» Listed entries:
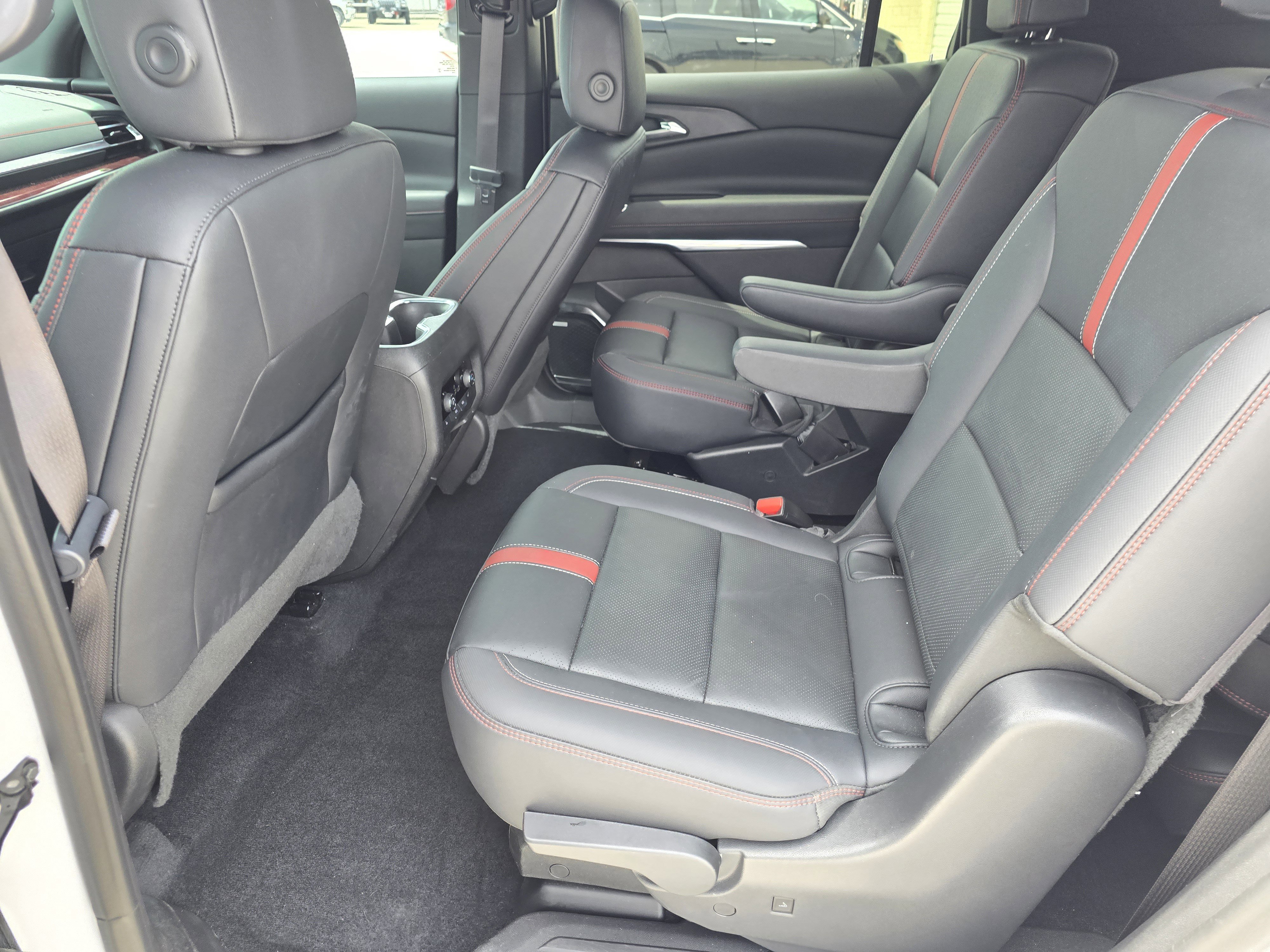Used 2024 Chevrolet Traverse RS w/ LPO, Floor Liner Package image 11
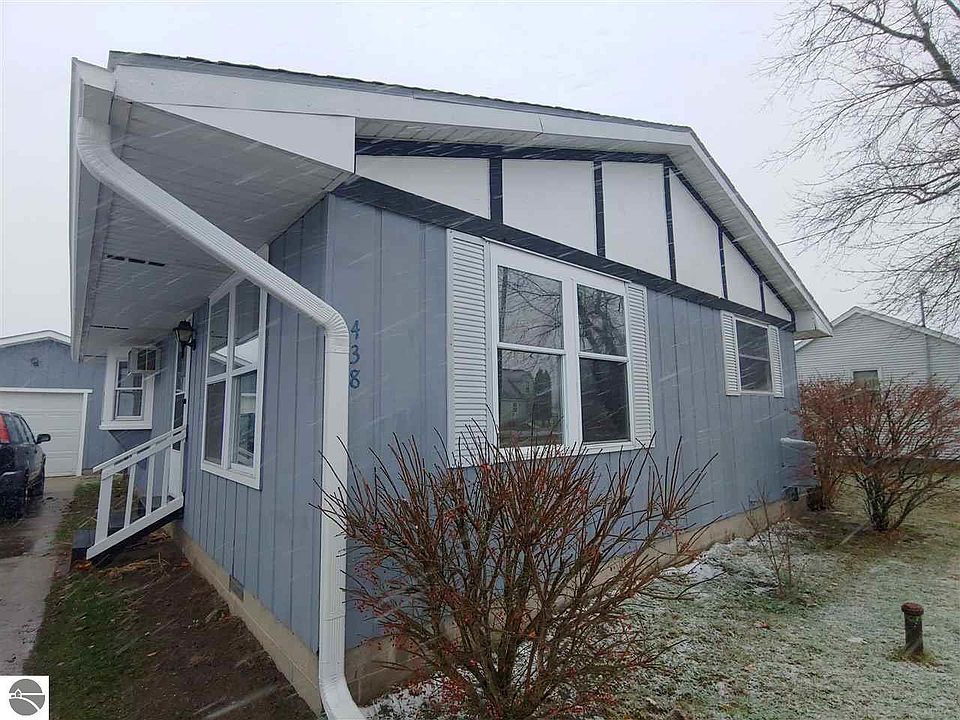 1st image of 438 Donnelly St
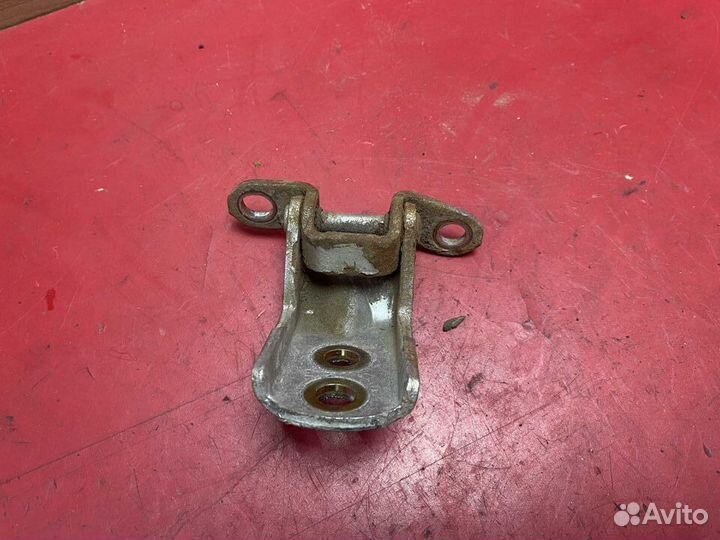 Петля двери задней 824214P000 Nissan Maxima (A33)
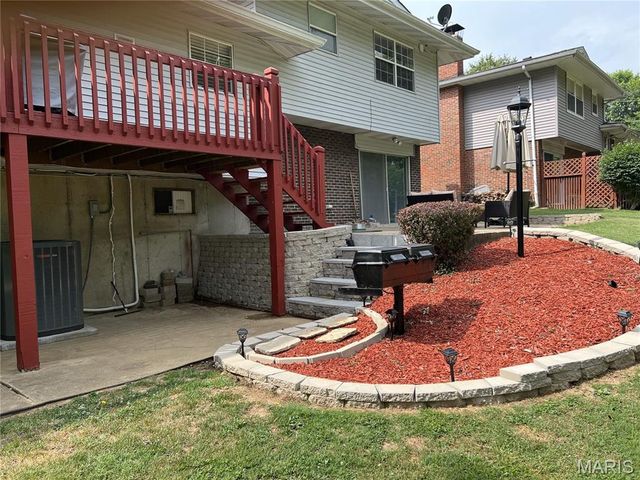 13075 Old Jamestown Road, Black Jack, MO 63033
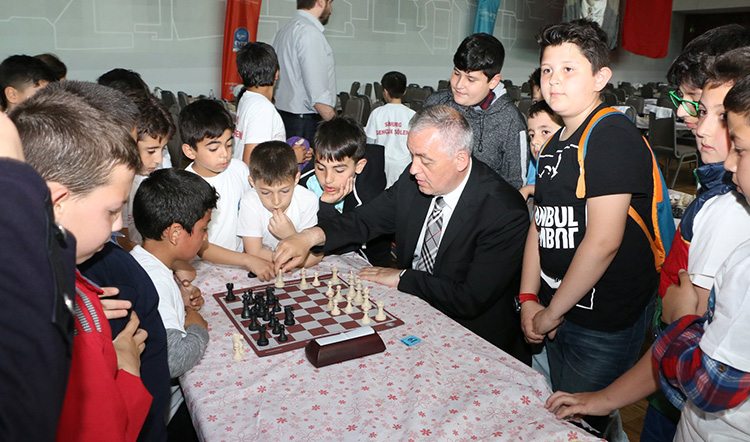 Haliç'te satranç rüzgarı esti! Haliç'te satranç rüzgarı esti!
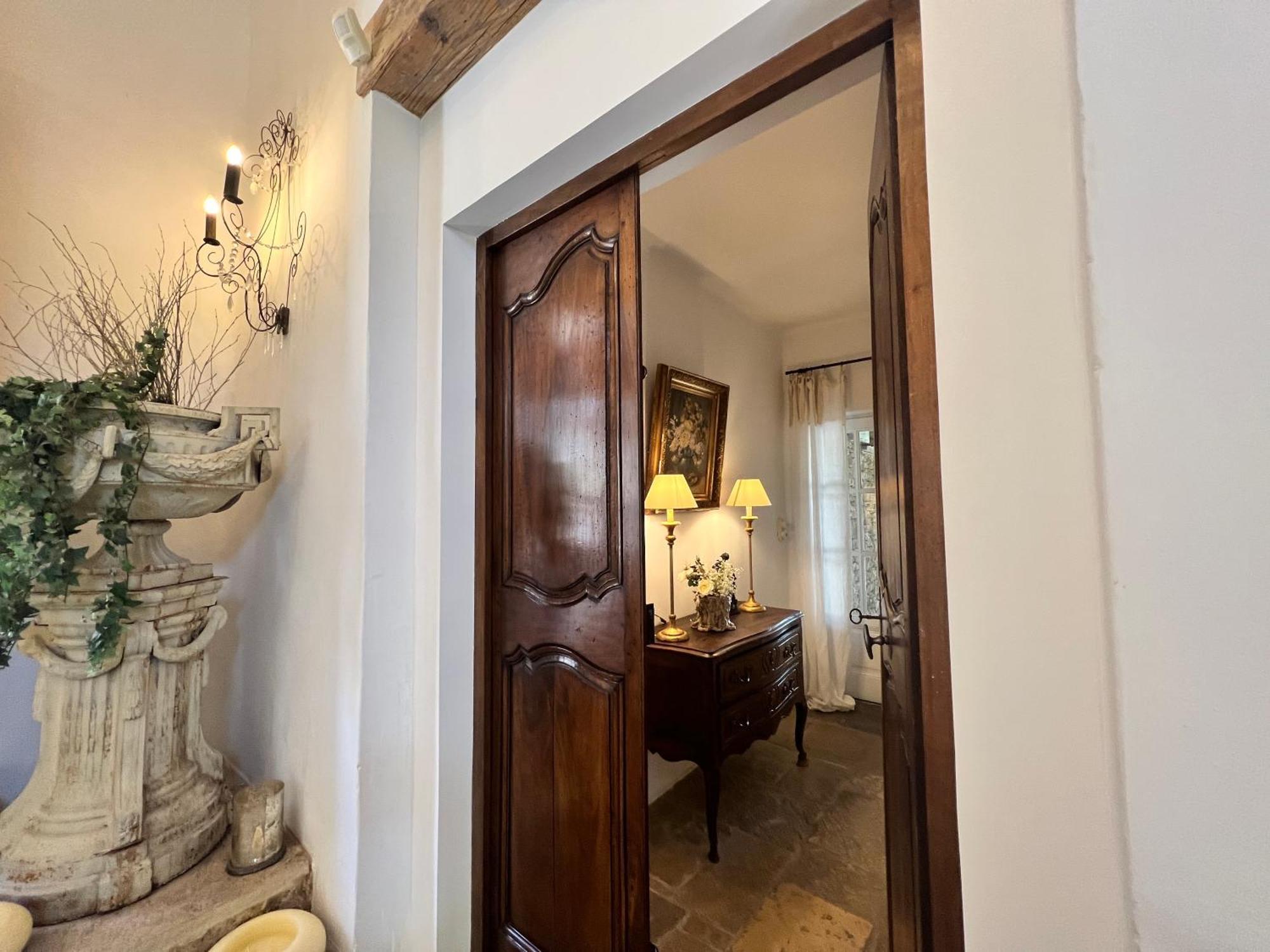 Villa Hautvallon - Peaceful Escape In Provence Gordes Room photo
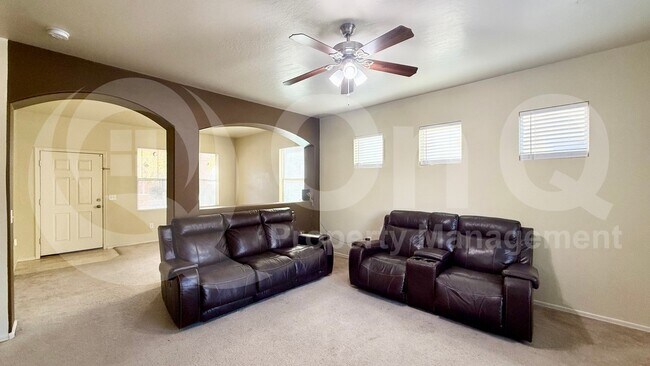 Foto del edificio - 4170 E Sheffield Ave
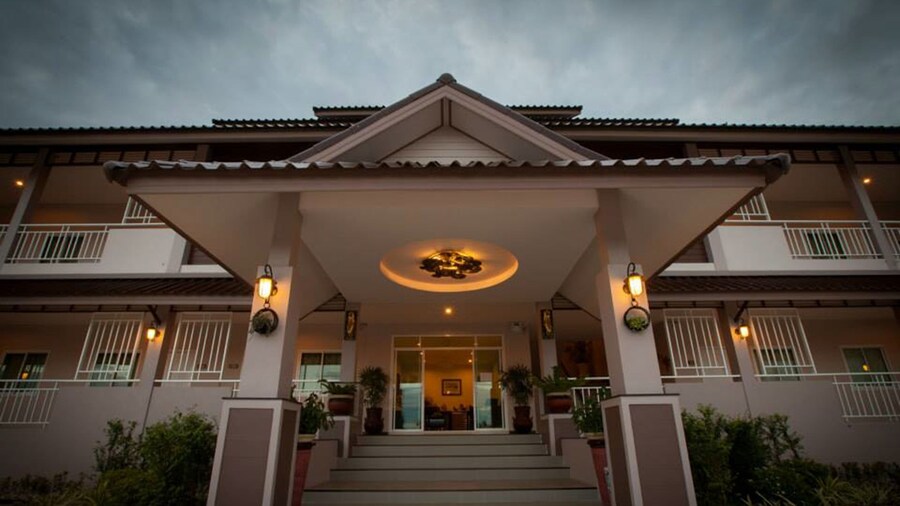Chiang Kham Grand Villa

» Exercise brief: If an entry contains an image, please omit that image and print everything else verbatim.

» Exercise result:
Used 2024 Chevrolet Traverse RS w/ LPO, Floor Liner Package image 11
 1st image of 438 Donnelly St
 Петля двери задней 824214P000 Nissan Maxima (A33)
 13075 Old Jamestown Road, Black Jack, MO 63033
 Haliç'te satranç rüzgarı esti! Haliç'te satranç rüzgarı esti!
 Villa Hautvallon - Peaceful Escape In Provence Gordes Room photo
 Foto del edificio - 4170 E Sheffield Ave
Chiang Kham Grand Villa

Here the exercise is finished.